### Records supplied

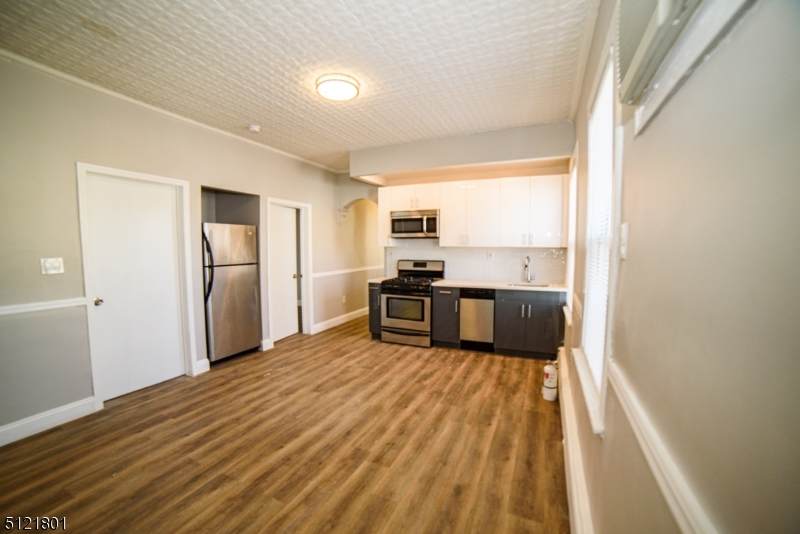 105 23Rd Ave - Photo 1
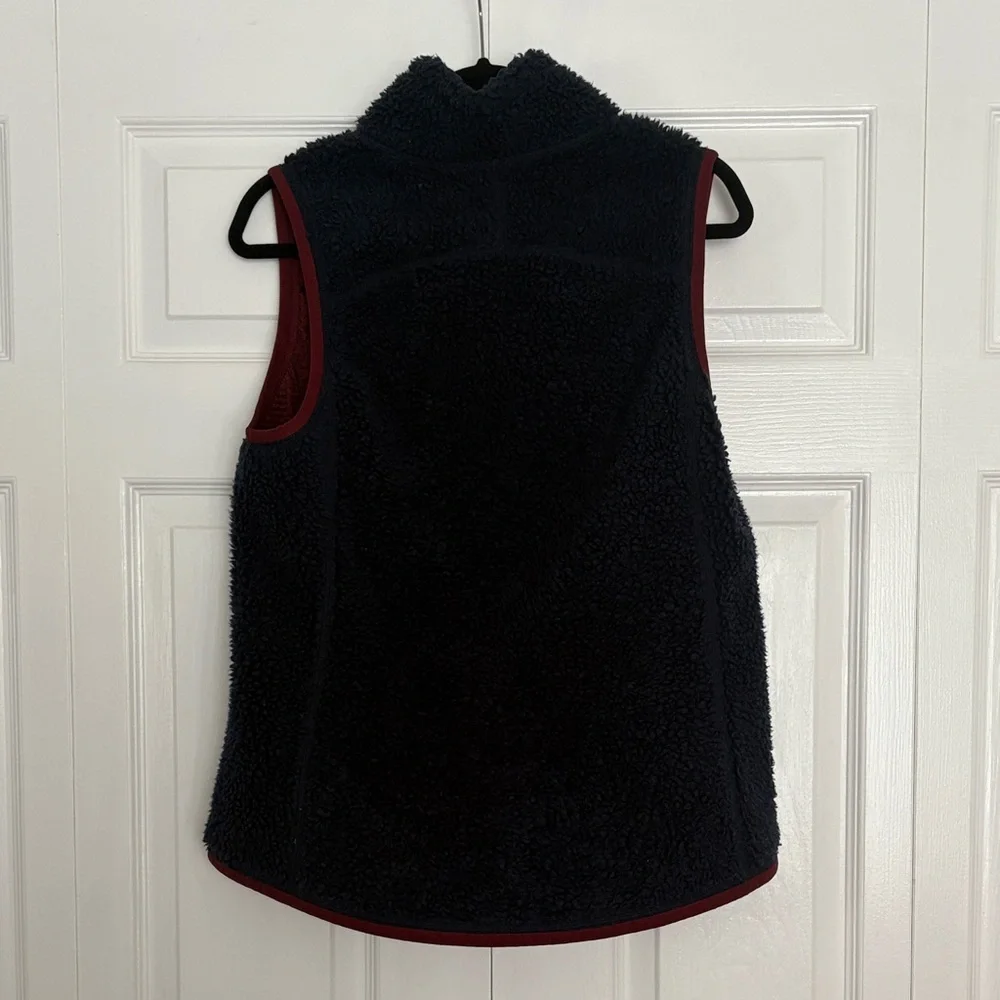 L.L. Bean Navy Sherpa Vest with Burgundy Accents - Picture 3 of 4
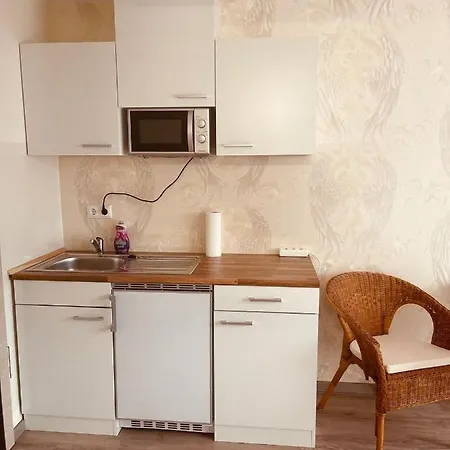 Séjour chez l'habitant Doppelzimmer Mit Dusche Und Minikueche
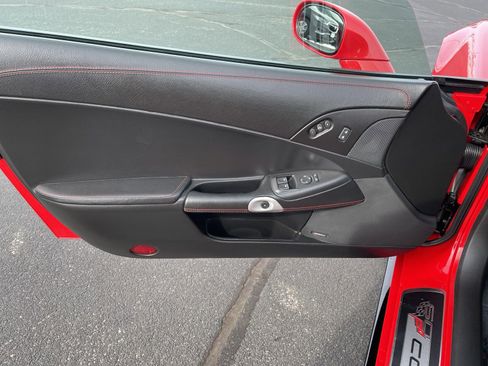 Used 2013 Chevrolet Corvette 427 w/ 1SC Preferred Equipment Group image 16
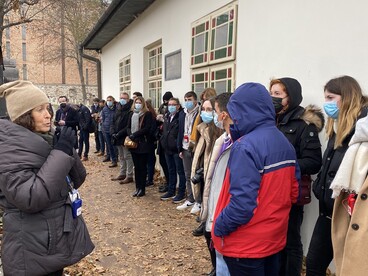 Les élèves découvrent le site d’Auschwitz-Birkenau 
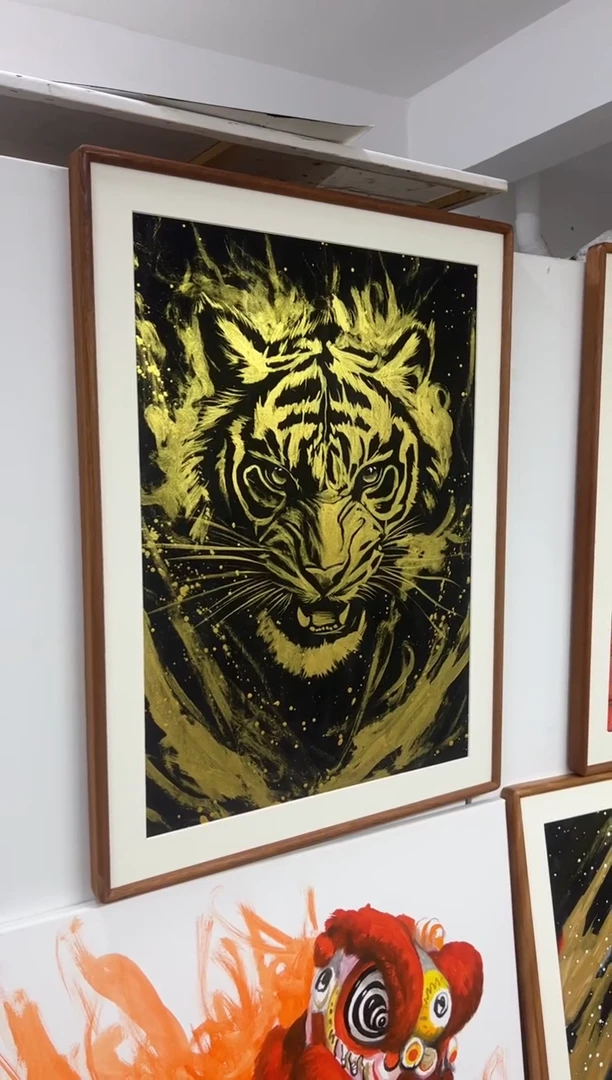 丙烯画姜*大树老师实木精装裱金虎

######

An exact copy of every entry, without pictures, should be your output.

 105 23Rd Ave - Photo 1
 L.L. Bean Navy Sherpa Vest with Burgundy Accents - Picture 3 of 4
 Séjour chez l'habitant Doppelzimmer Mit Dusche Und Minikueche
 Used 2013 Chevrolet Corvette 427 w/ 1SC Preferred Equipment Group image 16
 Les élèves découvrent le site d’Auschwitz-Birkenau 
 丙烯画姜*大树老师实木精装裱金虎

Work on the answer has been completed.